Frey has since met with asylee groups and nonprofits, and published resources on the state's website in an effort to better serve the vulnerable population before scammers get to them.
In a 13-page complaint filed in Kennebec County Superior Court, Frey alleged Shonda Okonda broke Maine's Immigration and Nationality Assistance Act, and its Unfair Trade Practices Act. By law, only an attorney or accredited representative can provide legal help with immigration.
The complaint alleged Okonda started the Christian Association for Peace, Leadership, and Development in 2020 on Congress Street in Portland. Around that same time, Frey alleged, Okonda founded and presided over Open Door Ministries, two doors down from CAPLD. As of Thursday, that building is locked, dark, and posted for rent. From these organizations, Frey argued Okonda used his status as religious leader to prey on others.
The suit alleges he scammed as many as 50 people, approaching and offering to help file necessary asylum paperwork. Often, Frey wrote in the complaint, Okonda would demand direct payment. At other times, he would suggest the asylee make a donation to Open Door. The suit claims Okonda would deposit the donations into his own bank account.
And often, Frey said, the desperately-needed paperwork would never be completed.

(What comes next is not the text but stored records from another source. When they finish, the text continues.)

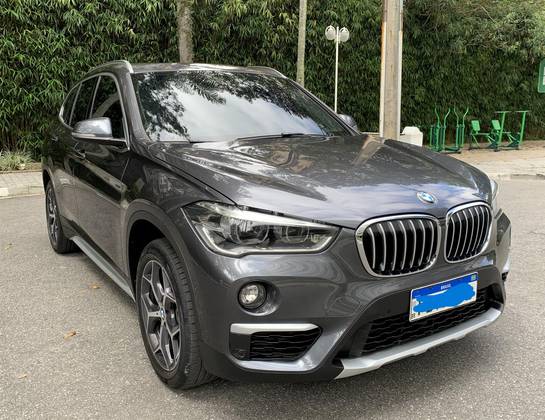 BMW X1 2.0 16V TURBO ACTIVEFLEX SDRIVE20I X-LINE 4P AUTOMÁTICO BMW X1 2.0 16V TURBO ACTIVEFLEX SDRIVE20I X-LINE 4P AUTOMÁTICO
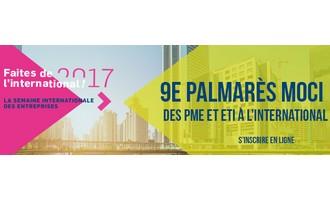 Logo : Palmarès MOCI des PME et ETI à linternational
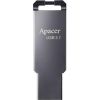  Зображення Накопичувач Apacer  64GB USB 3.1 Type-A AH360 Ashy 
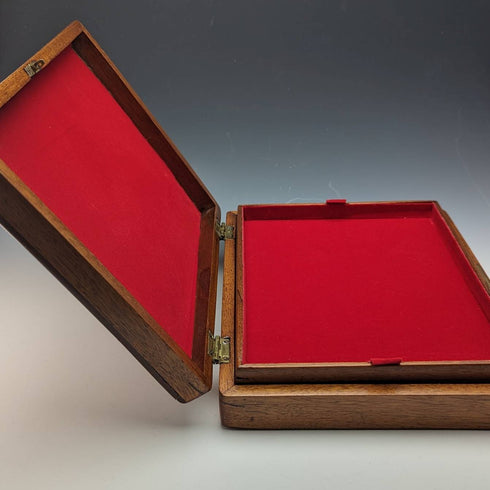 British Vintage Wooden Box Brown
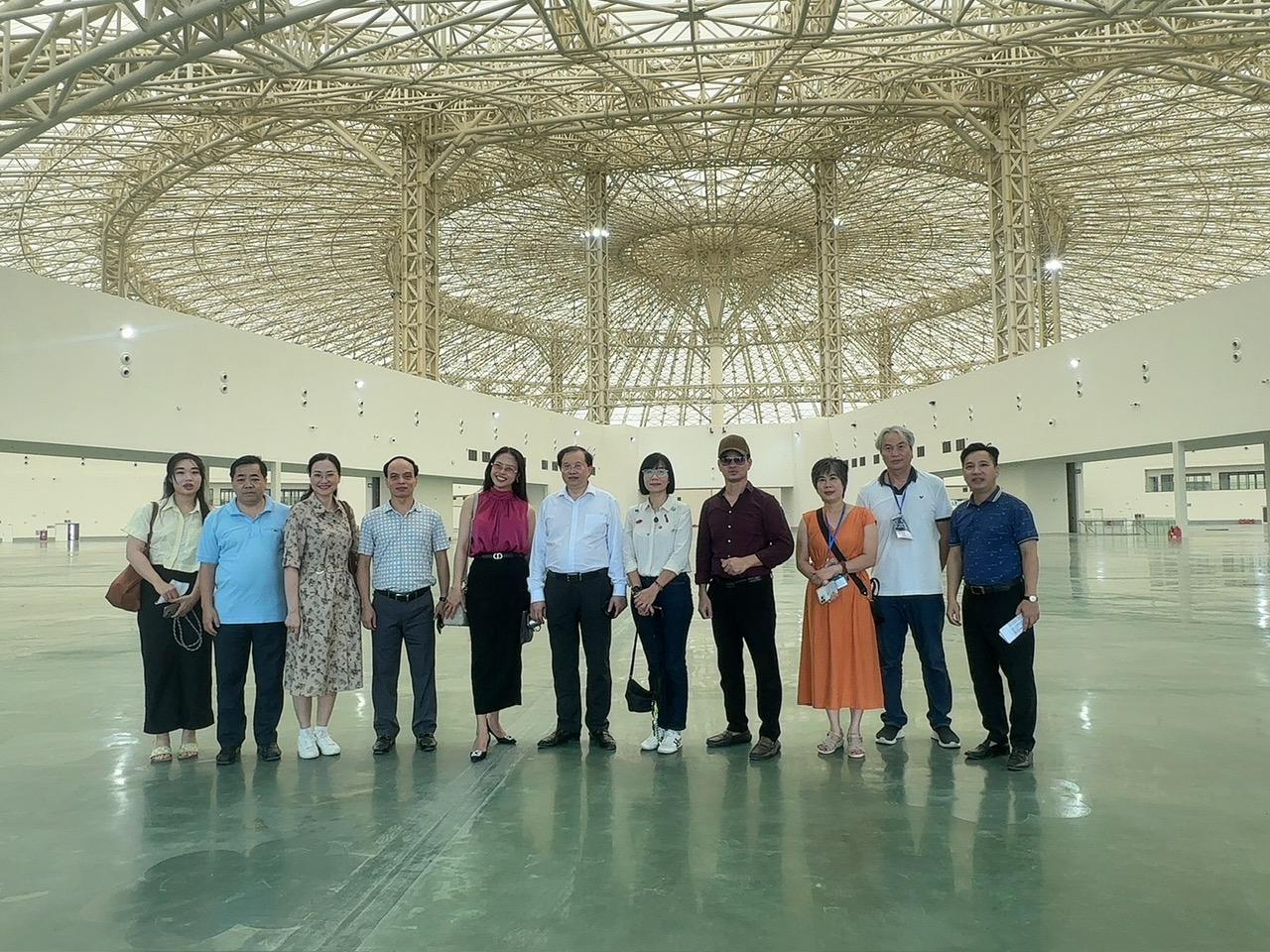 Kiểm tra công tác chuẩn bị triển lãm “80 năm hành trình độc lập - tự do - hạnh phúc”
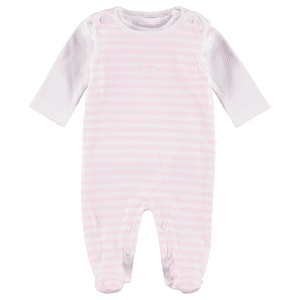 Baby Stramplerset Ringel rosa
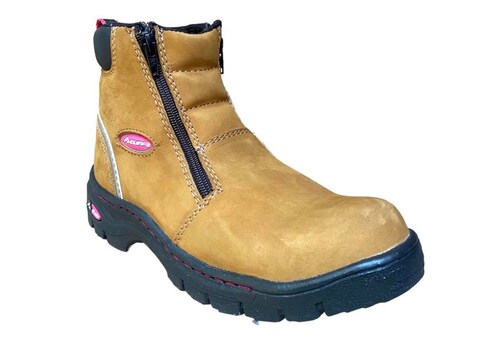 Bota Con Casquillo Dielectrico Seguridad Trabajo Dama Cliff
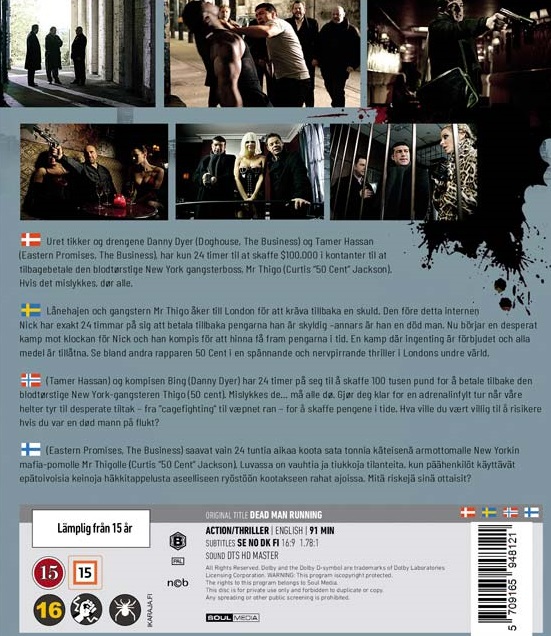 Dead Man Running (Blu-ray) - 2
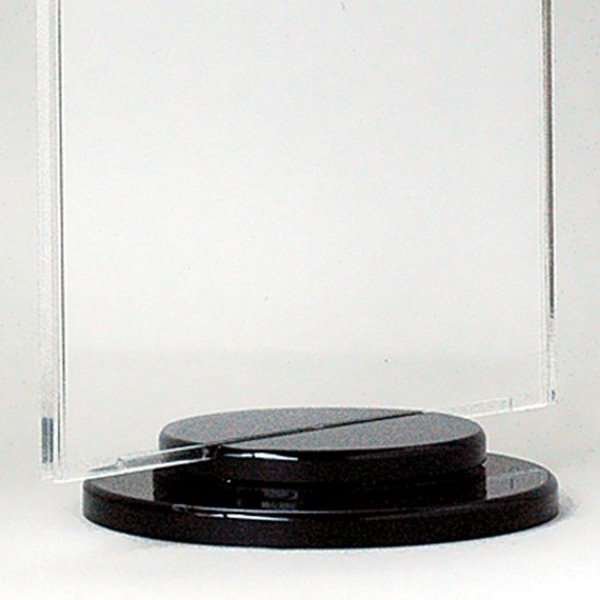 Spin Menuholder, acrylic, M65 #2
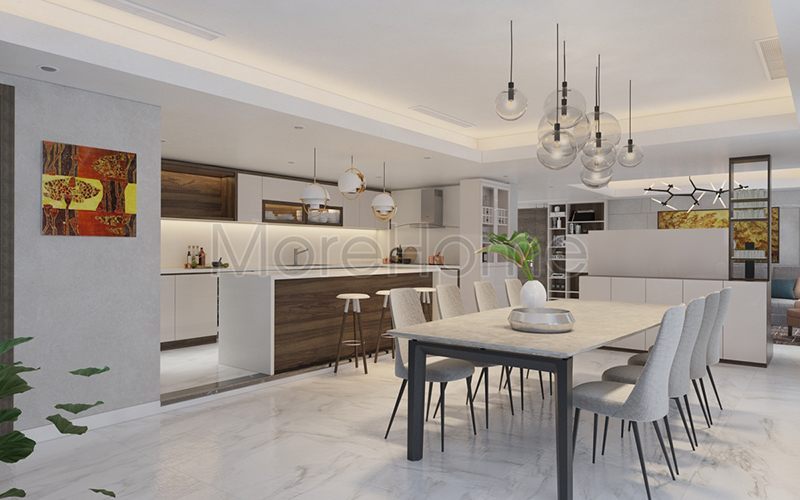 Mẫu thiết kế bếp chung cư đẹp, tiện nghi Mẫu thiết kế bếp chung cư đẹp, tiện nghi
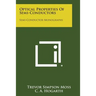 Optical Properties of Semi-Conductors: Semi-Conductor Monographs
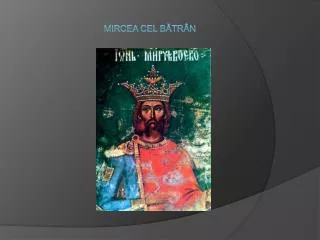 mircea cel b tr n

"These individuals face severe consequences if they don't get their process filed right," Frey said during a Thursday interview. At best, asylum seekers would be out the money and back to square one with the process. At worst, they would miss hard deadlines or file fraudulent paperwork; setting them on a course for deportation, back to whatever dire situation they fled.
That, Frey said, made the actions especially reprehensible.
"These individuals are seeking asylum, protection. They are coming from countries where, if they complain to the government, that could have very serious repercussions for their wellbeing," Frey explained. "They are not going to tell the government that they are being victimized because of the experience that they are fleeing from their home country, and Mr. Okonda knew that."
One block from the shuttered church and business on Congress Street, Mathurin Ngoy does the work.
Twice a week, every week in the Portland Library basement, he helps up to seven people with the asylum process; translating forms while a licensed attorney makes sure they’re correct; all free of charge for the nonprofit Hope Acts. Each week, a new group comes in, and Ngoy said they often include victims of scammers posing as pastors; taking their money and improperly filing papers, if at all; leaving them on a path to deportation.
"When a pastor says, 'Oh yeah, we’ll be able to help you with application; you will get a job; you will start working, 'OK!" Ngoy explained. "And if he asks you for money, you do that."
NEWS CENTER Maine emailed an address listed on the Open Door Facebook page, but the message bounced back as "undeliverable." We called the cell number listed as well. When it rang to voicemail, the automated voice said the mailbox was full, and then it hung up the call.
The Kennebec County clerk told us on Thursday that there was no attorney listed to represent Okonda in the matter.
Back on Congress Street, two blocks from Okonda’s church, Lisa Parisio’s attorney colleagues at the 30-year-old Immigrant Legal Advocacy Project help file the right paperwork for asylum seekers who can’t afford an attorney.
"When we see people who are taking advantage of asylum seekers, who are preying upon them in order to trick them out of their money, what they’re doing is they’re affecting their ability to actually receive this life-saving protection," she said.
Frey said he wanted to help send more people to accredited training so they can offer their services and help fill in these gaps in the asylum process.